Tea Party shows its muscle in Bay State
The Tea Party movement that stoked antitax protests from Seattle to Washington, D.C., found its inspiration in Revolutionary-era Massachusetts. And this week it helped fuel a modern political revolt right here on the turf of its tea-dumping forbears.
The anger driving this loose coalition of activists, united by a distrust of government, helped vault a little-known Republican state lawmaker into the Senate seat held for 47 years by liberal icon Edward M. Kennedy.
As Scott P. Brown’s populist message began making inroads into Democrat Martha Coakley’s commanding lead, the call went out online, via e-mail and in chat rooms, drawing Tea Party activists to Massachusetts to woo its famously liberal electorate.
“It was a miracle moment,’’ said Christen Varley, a 39-year-old blogger from Holliston who helped found the Greater Boston Tea Party last year. “Boom, he went from zero on the radar screen to what everyone was paying attention to.’’
Several Tea Party activists now are considering candidacies for state representative and state auditor, as well as Congress, said Varley. But many are focused on just making a statement, rather than building a viable third political party.
“I guess it’s just a way to vent our frustration, to make our voice heard,’’ said Barbara Klain, who cofounded the Greater Lowell Tea Party with a bunch of signs and no e-mail address. People were not sure what to make of their Tea Party Boat Float in the Chelmsford Fourth of July Parade, she said. Now she has about 400 members.
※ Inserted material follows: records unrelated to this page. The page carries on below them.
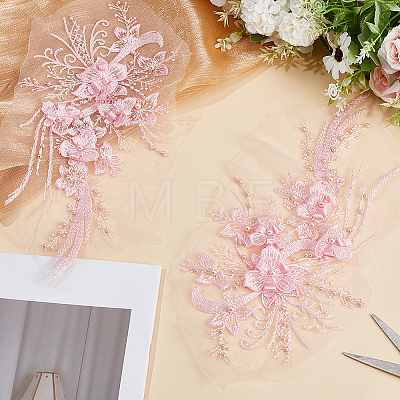 3D Flower Polyester Embroidery Sew on Appliques PATC-WH0008-48A-1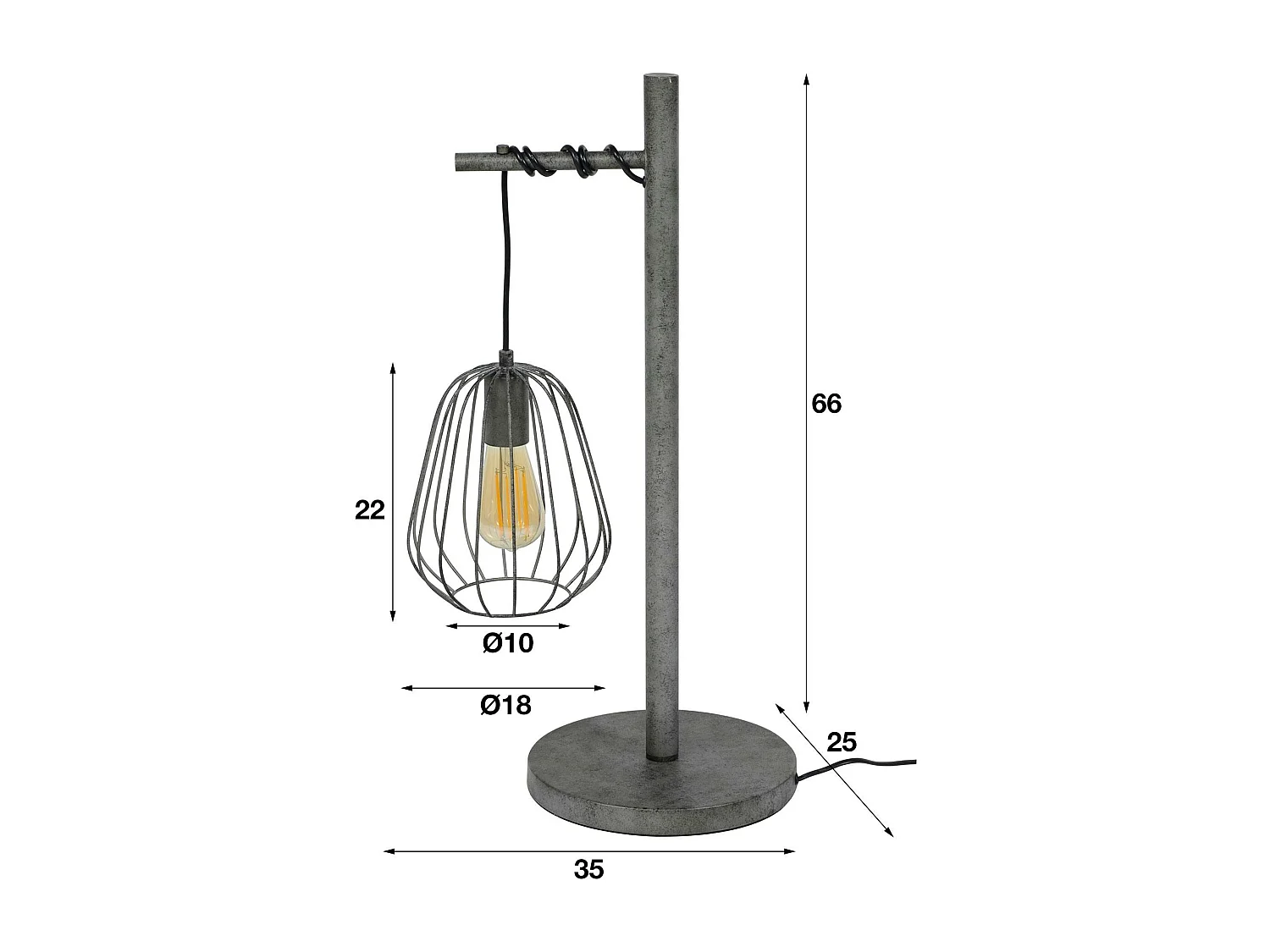 Lampe industrielle à poser métal vieilli H66 cm TRIBECA
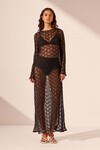 SOL LACE MIDI DRESS (BLACK)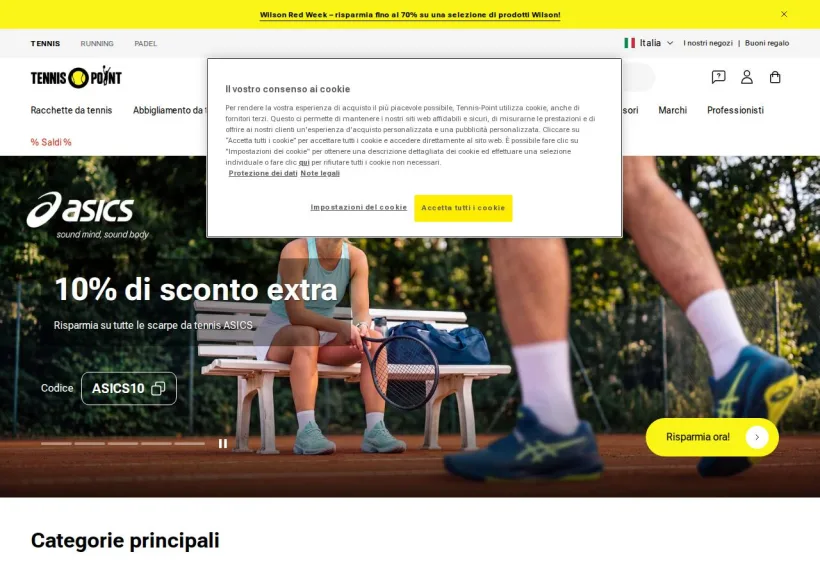 Schermata della pagina offerta di Tennis Point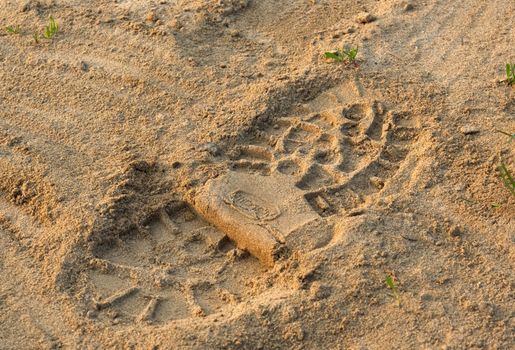 Footprint in sand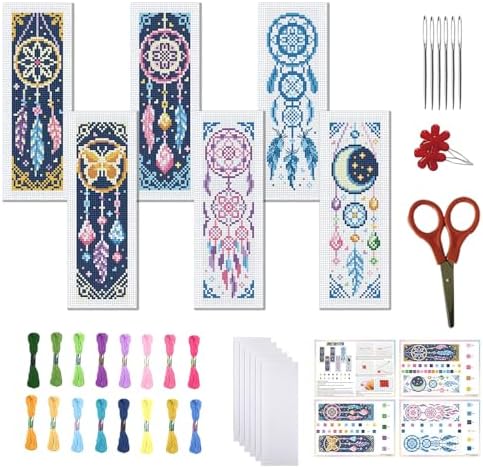 FREEBLOSS 6 Set Cross Stitch Bookmark Kits Dreamcatcher Pattern Stamped Embroidery Kit Stitch Bookmarks DIY Book Marks Printed Cross Stitch Kits with Instructions for Beginners Adults 8''x2.4'' by FreeandCreativeCraftsArt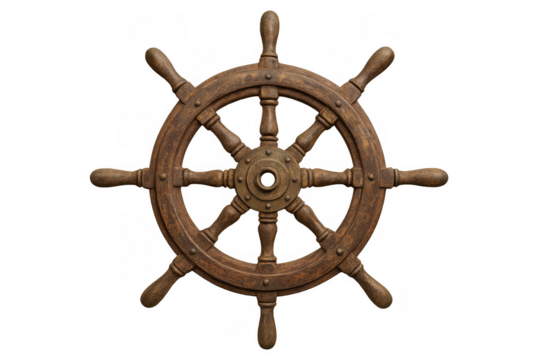 Ship's wheel, a wooden helm controlling boat navigation and steering, isolated on transparent background, showing vintage nautical design
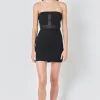 GREY LAB Strapless | Tops*- Strapless Mesh Mini Dress BLACK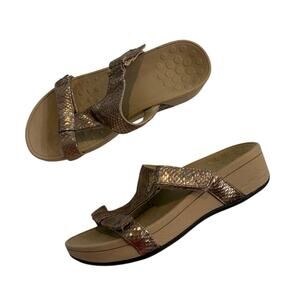 Vionic Pacific Ellie T Strap Sandals Rose Gold Snakeskin Orthaheel Womans 7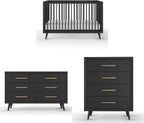 Child Craft Cranbrook 3-Piece Nursery Set, Includes 4-in-1 Convertible Crib, Dresser and Chest, Crib Grows with Your Baby (Ebony)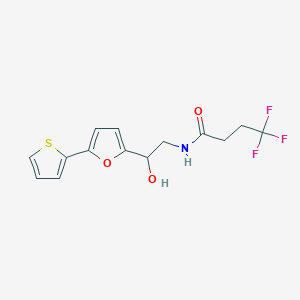 molecular formula C14H14F3NO3S B12248388 4,4,4-trifluoro-N-{2-hydroxy-2-[5-(thiophen-2-yl)furan-2-yl]ethyl}butanamide 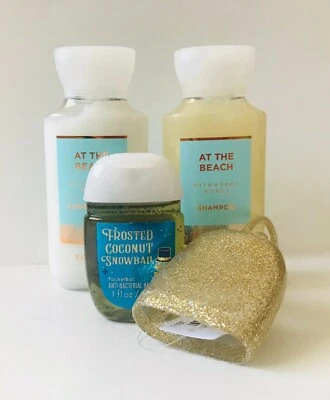 Bath & Body Works AT THE BEACH SHAMPOO CONDITIONER HOLDER TRAVEL SIZE SET OF 4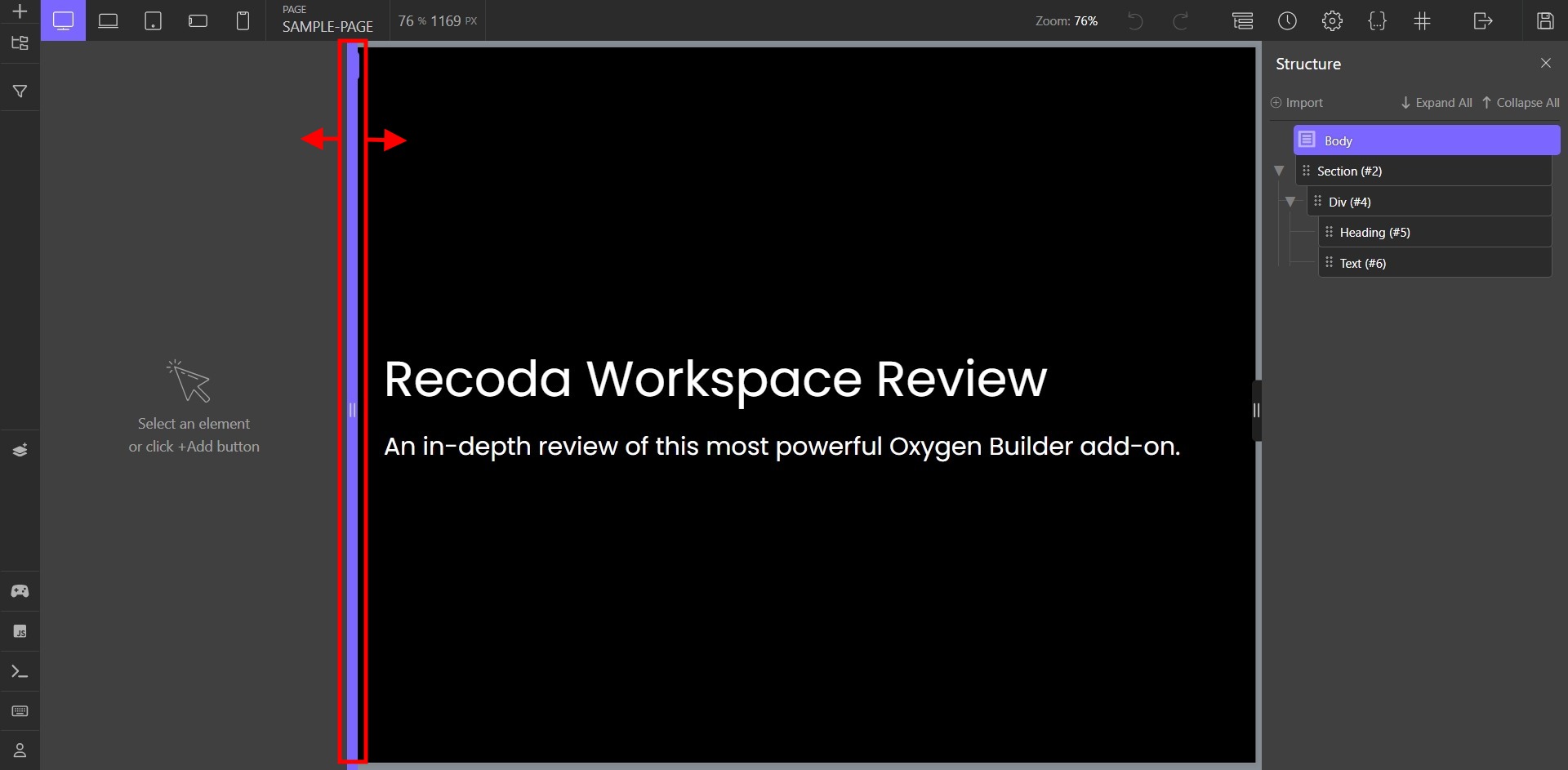 Resizable Panels of Recoda Workspace - Screenshot - Toolonomy
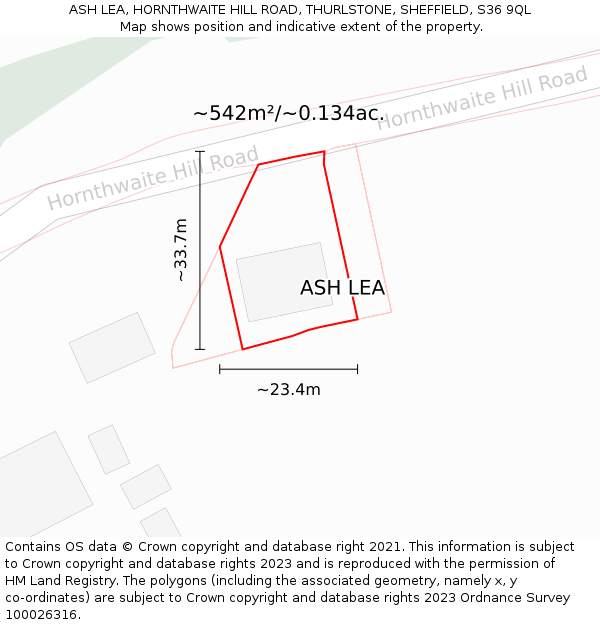 ASH LEA, HORNTHWAITE HILL ROAD, THURLSTONE, SHEFFIELD, S36 9QL: Plot and title map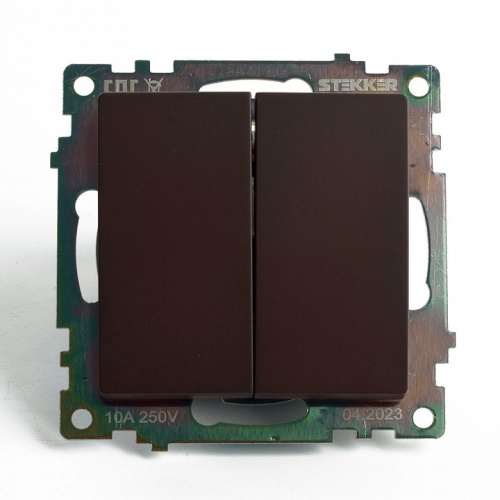 Переключатель двухклавишный без рамки Stekker Катрин 49170 в Нижнем Новгороде фото 7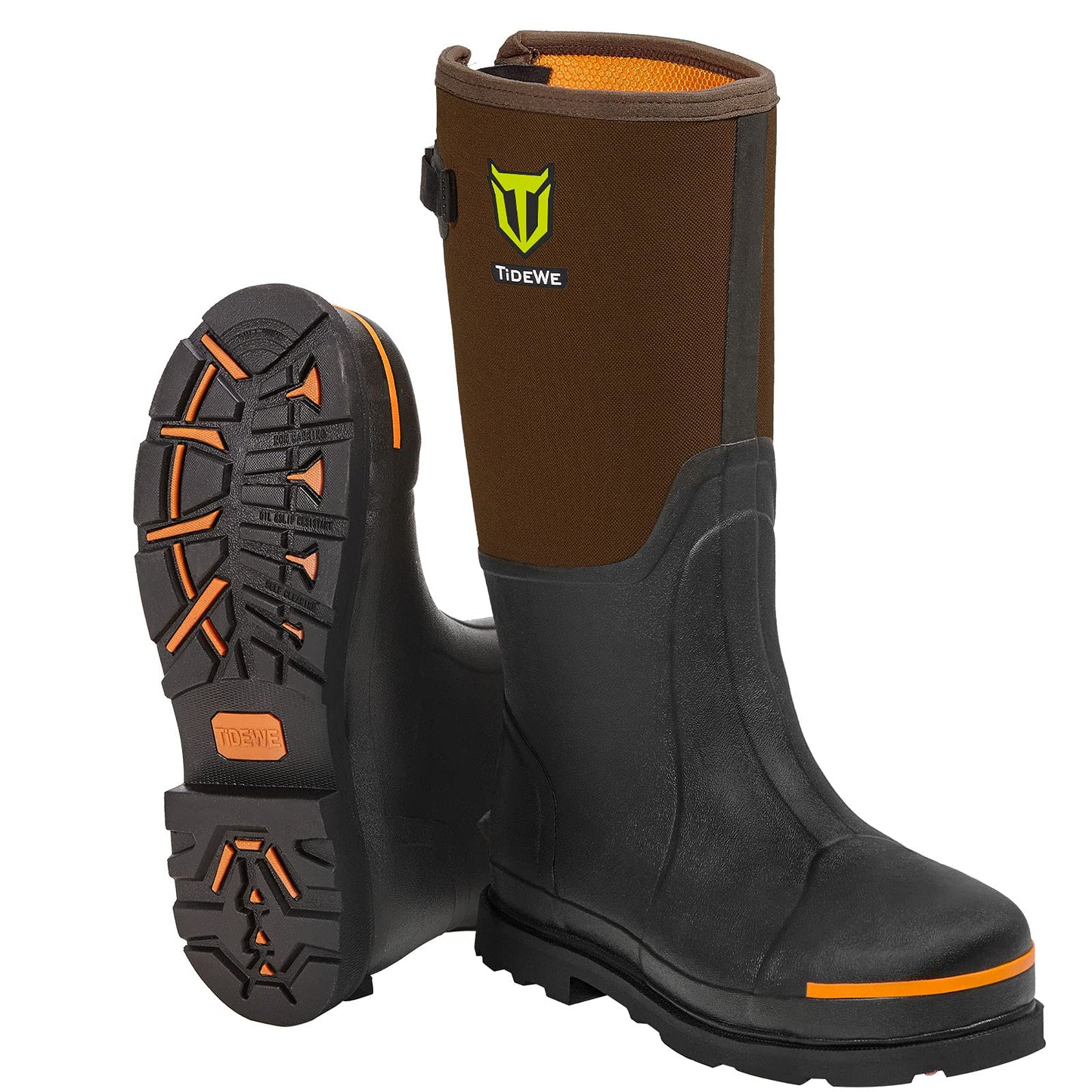 TIDEWE Rubber Work Boot for Men with Steel Toe & Shank, Waterproof Anti Slip Hunting Boot, 6mm Neoprene Hunting Boot for Manufacturing, Construction, Farming, Brown, Size 5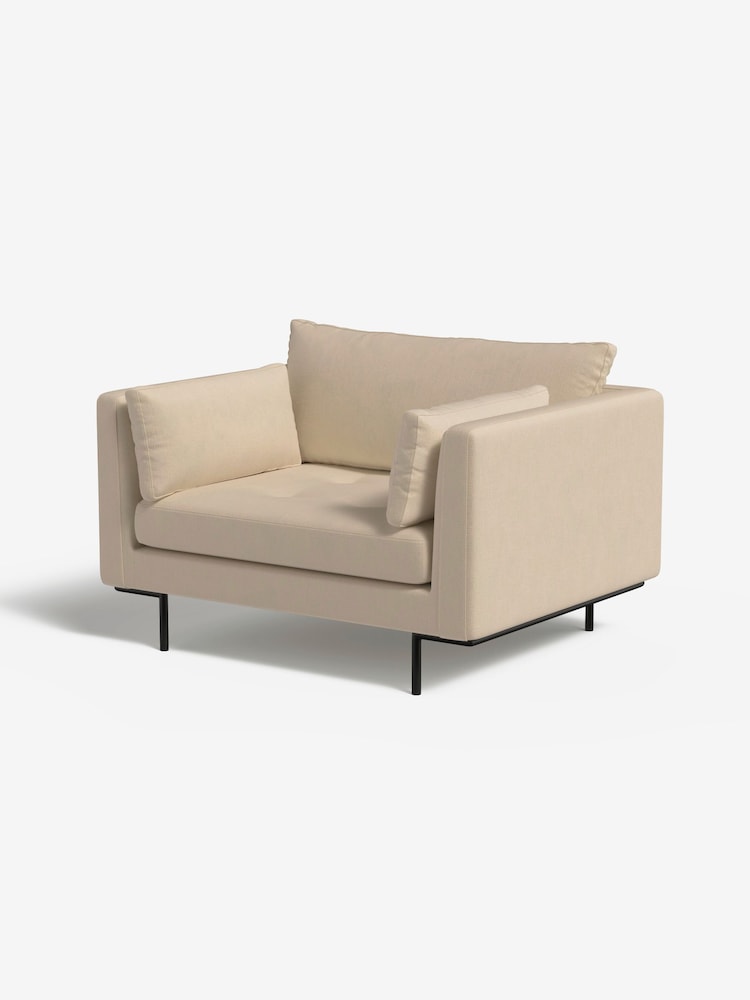 MADE.COM Cotton Weave Oatmeal Harlow Loveseat - Image 1 of 7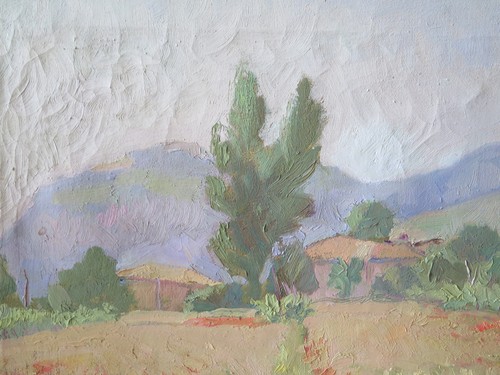 ANTICO DIPINTO AD OLIO SU TELA PAESAGGIO CAMPAGNA EMILIA ROMAGNA ORIGINALE P22 - Photo 3 sur 7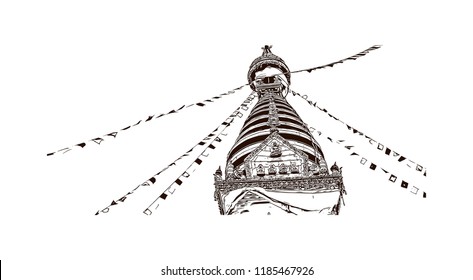 Swayambhunath is an ancient religious architecture atop a hill in the Kathmandu Valley, west of Kathmandu city. Hand drawn sketch illustration in vector.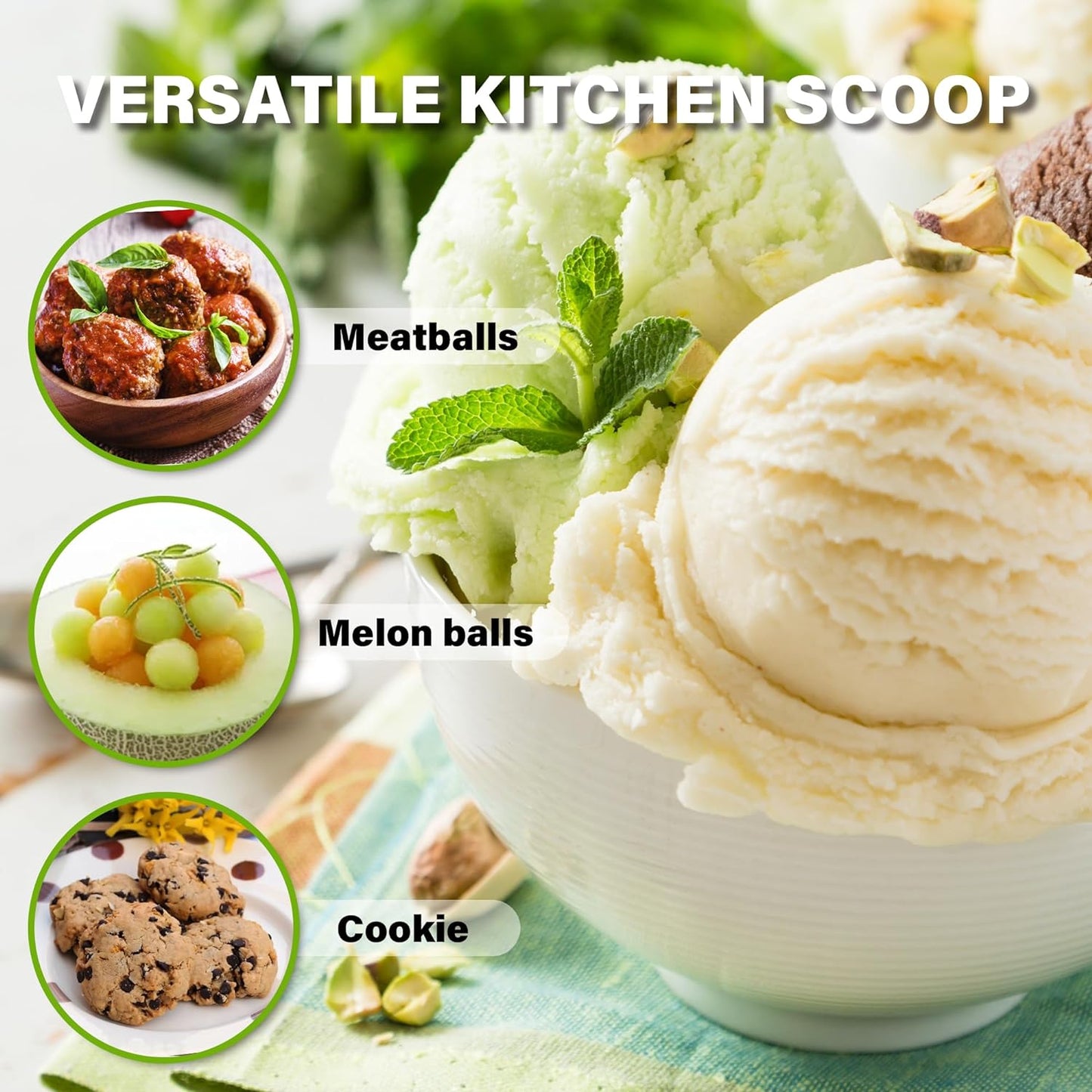 Cookie Scoop Set,1 Tablespoon Cookie Scoop for Baking, Size #60 Cookie Dough Scoop, 15 ml/ 0.5 oz Ice Cream Scoop, Acrylic Scoop, Comfortable Grip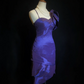 Dark purple suspender asymmetrical three-dimensional flower satin waist slim skirt homecoming dress R4976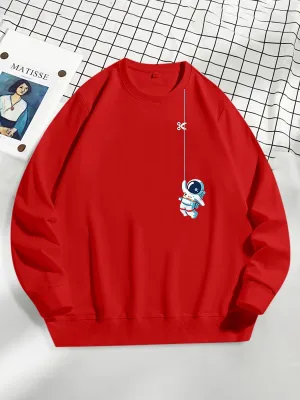 Casual Solid Color Cartoon Astronaut Print Crew Neck Long Sleeve Pullover Sweatshirt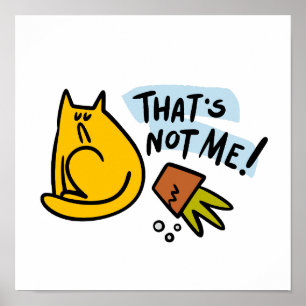 Funny cat and an overturned flower pot poster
“It seems to be working,’’ Klain added. “I had no idea we were going to have this impact when I started last year. It’s very satisfying. And it’s a little scary, too.’’
Until recently, the Tea Party movement had not seemed to be surging in Massachusetts. Activists in Boston, Worcester, and Lowell held protests on tax day, April 15, like their compatriots. Some joined a Sept. 12 protest in Washington, D.C. But Varley’s group launched a website only in December, a month after meeting with other Massachusetts activists and deciding that they would not endorse a Senate candidate.
Enthusiasm for Brown began to soar, however, after the campaign asked Varley to recruit voters for a fund-raiser and about 150 of those on her e-mail list of 1,300 turned out for a snowy morning breakfast fund-raiser in Westborough. He spent 2 1/2 hours, Varley said, talking to conservative voters who urgently wanted to be heard.
“I spent the next two days saying, if you like Scott Brown, go out and spread the word,’’ Varley said. “That’s what they did. And it exploded.’’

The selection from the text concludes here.